This week, I focused on experimenting 2 different approaches to improve the transcription accuracy while maintaining a good user experience as much as possible.
The first approach is to continue providing real-time transcription by feeding the model 1-second audio chunks. What’s new is at the end of each recording session, I rerun the model using the entire audio, which could take some significant time duration as long as the audio duration, but provide a significantly more accurate transcription, which acts as an “autocorrection” to the entire transcription. Then I present the output of the model running on the entire audio at the bottom of the real-time generated text and allow the user to decide whether to use or ignore the “autocorrection”. The experience is shown below:
The second approach is to also continue providing real-time transcription by feeding the model 1-second audio chunks but as the user is making the recording, every 3 seconds, I would resend the last 3 seconds’ audio to be re-evaluated by the model and replace the last 3 second’s real-time generated texts with the “autocorrected” texts. This experience is closer to the autocorrecting transcription experience provided by Siri. The transcription accuracy of the “autocorrected” transcription for 3-second chunks did get better compared to the original transcription from 1-second chunks, but the accuracy is worse than the output of running the model over the entire audio (approach 1) as expected.

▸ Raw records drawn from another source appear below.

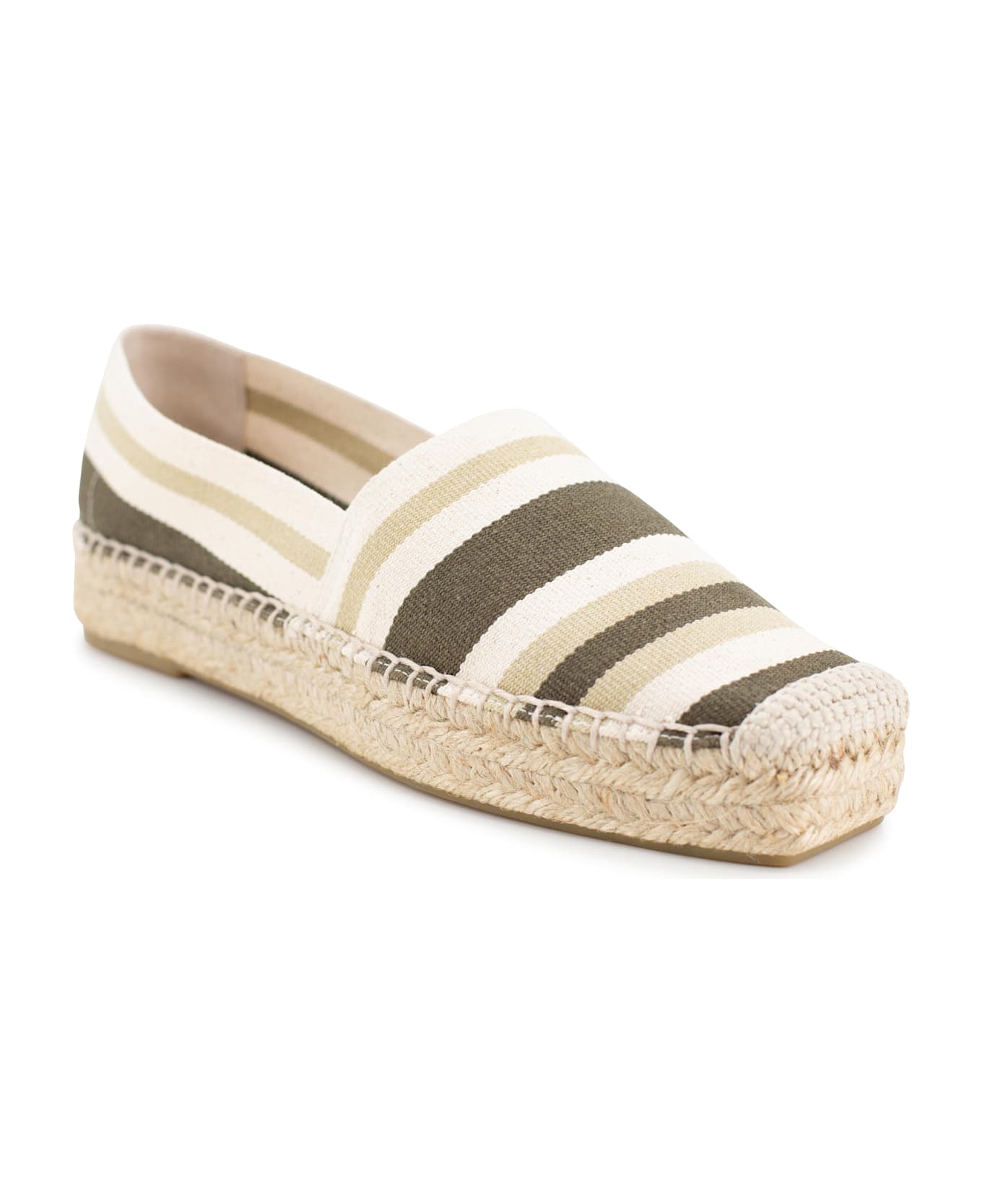 Paloma Barceló Square-toed Espadrilles - Khaki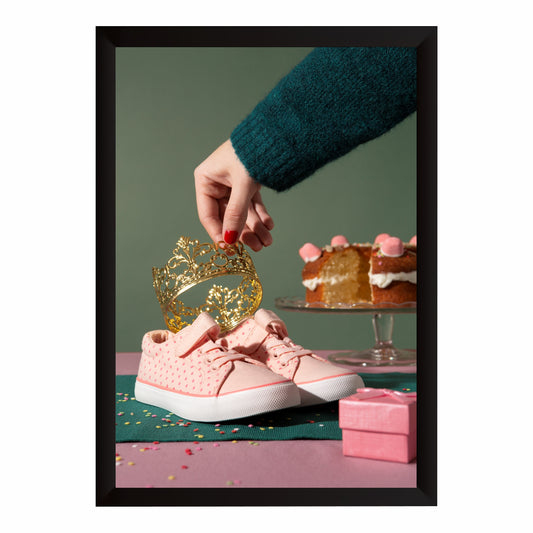 Kids Shoes Wall Art | Pink Sneakers with Crown & Birthday Cake Artwork | Cute Footwear Photography | Kids Room Wall Decor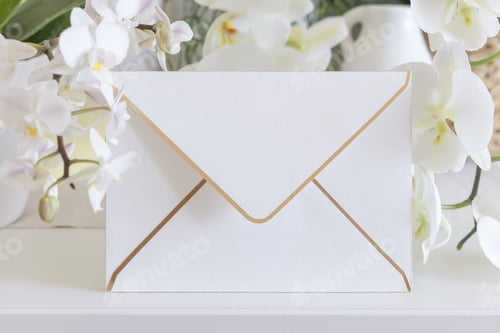 Preview: Envelope near white orchid flowers on table close up, pastel romantic wedding mockup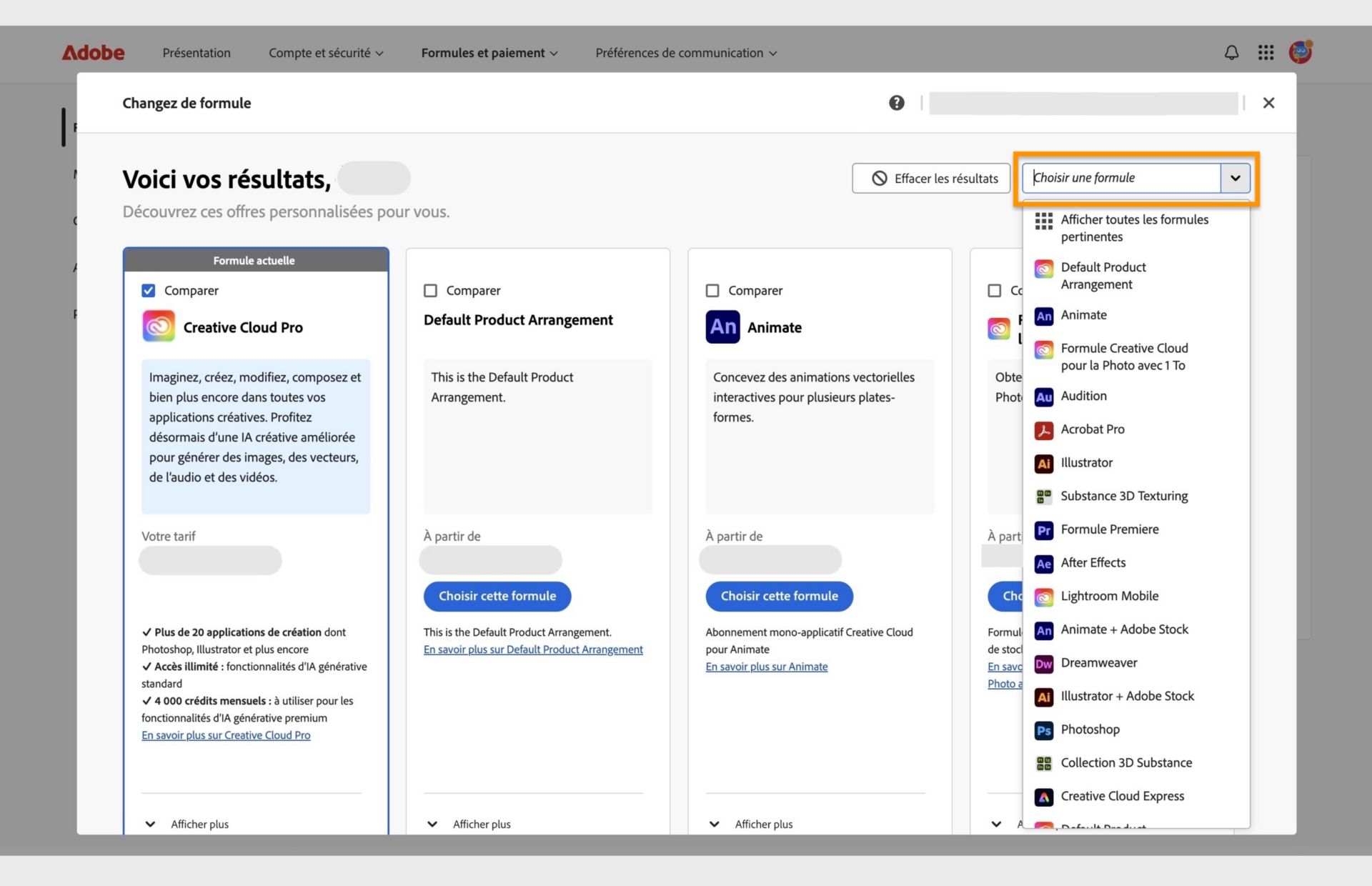 La fenêtre Modifier votre formule affiche la formule en cours, certaines formules recommandées et des options pour sélectionner une formule, comparer des formules, afficher plus de recommandations, rechercher une formule et sélectionner une formule à l’aide d’un menu déroulant. 
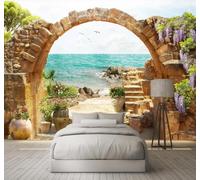 XLMING Vintage Beautiful Archway Stone Wall Seaside View 3D Wallpaper Luxury Home Dining Decor Paste Sofa Living Room The Wall for Bedroom Mural-150cm×105cm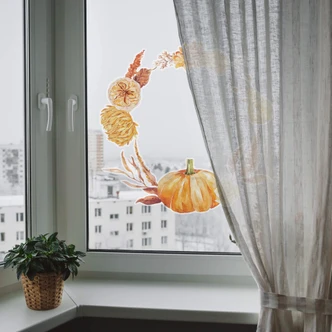 Fensterbild Goldener Herbstkranz Fensterbild Goldener Herbstkranz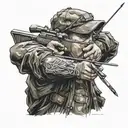 hunter aiming a bow tattoo design idea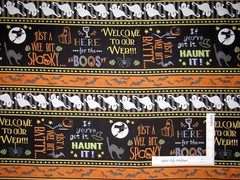 Halloween Fabric Cat Ghost Bat Stripe Cotton Wilmington Here For The Boos Yard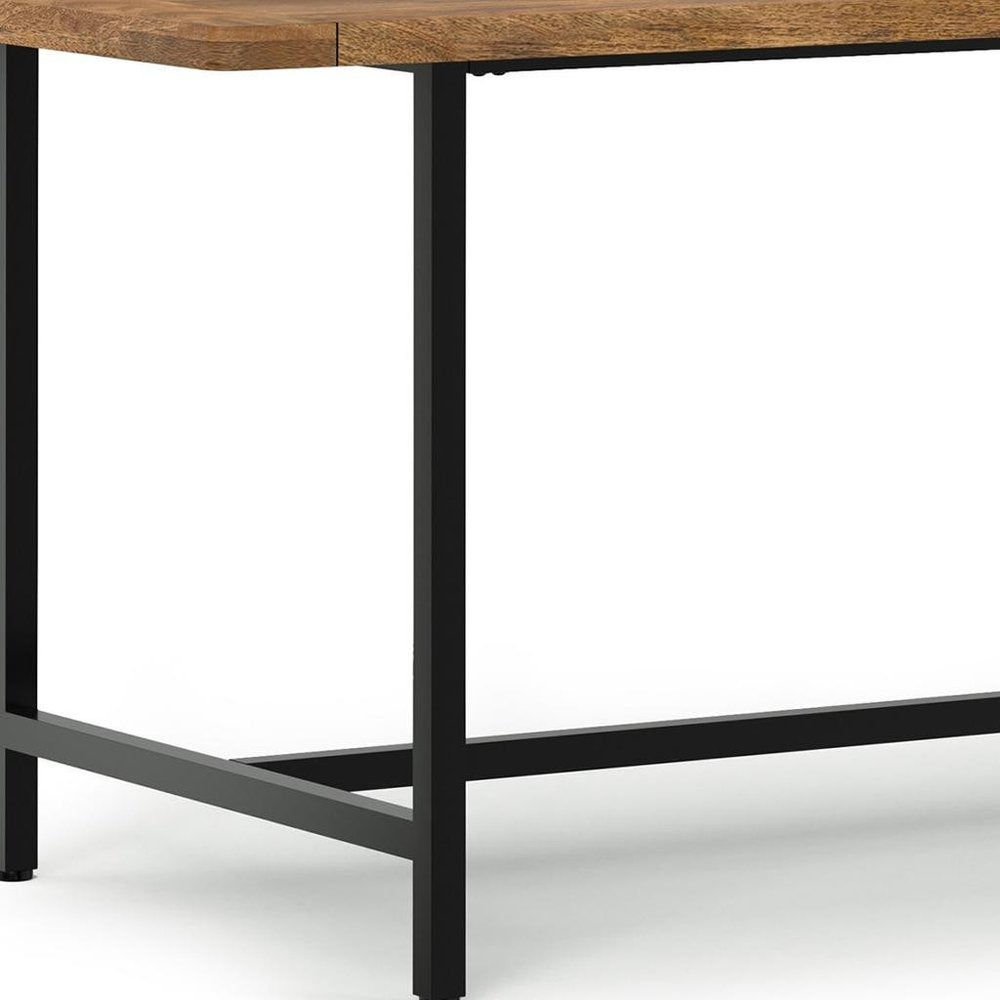72" Natural And Black Solid Wood And Iron Dining Table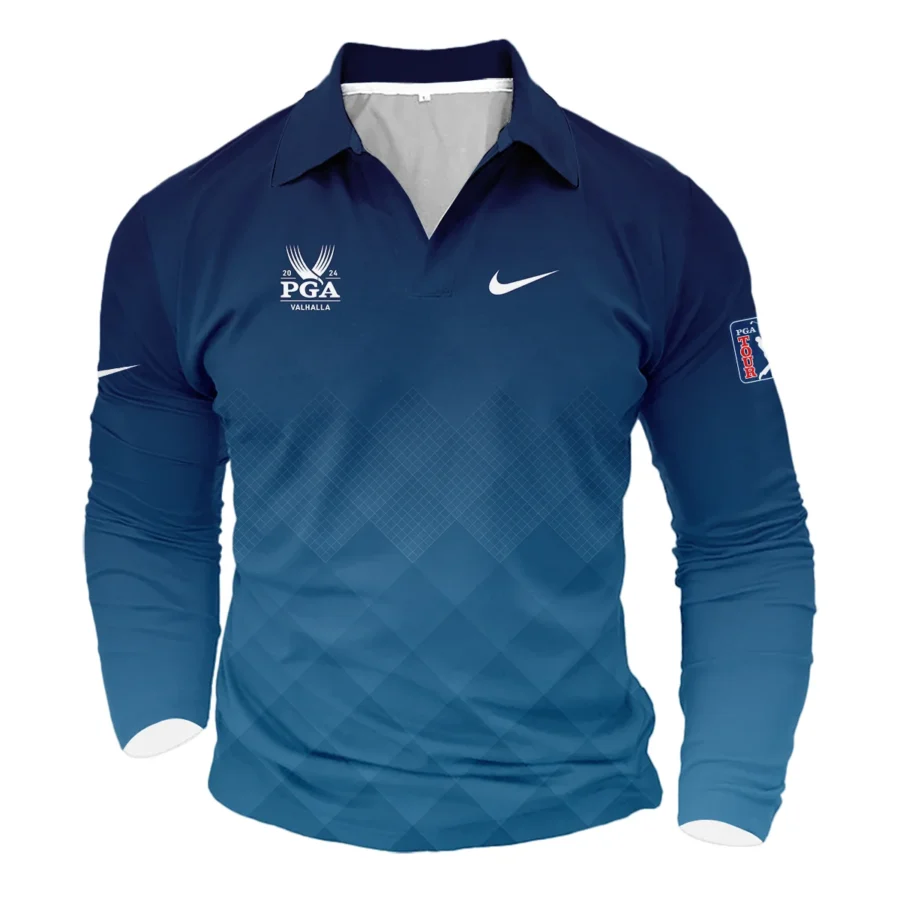 2024 PGA Championship Valhalla Nike Blue Gradient Abstract Stripes  Vneck Long Polo Shirt Style Classic Long Polo Shirt For Men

The next step is to incorporate Nick’s newly trained transcription model (trained on large SEAME dataset), which could make the transcription accuracy higher, especially the English transcription. The model has relatively smooth performance. Also, after Marco’s site collects sufficient audio samples, I will run batch tests on our model to have a more rigorous evaluation when the input audios are more diverse.
So far, the integration and evaluation schedule has no delay.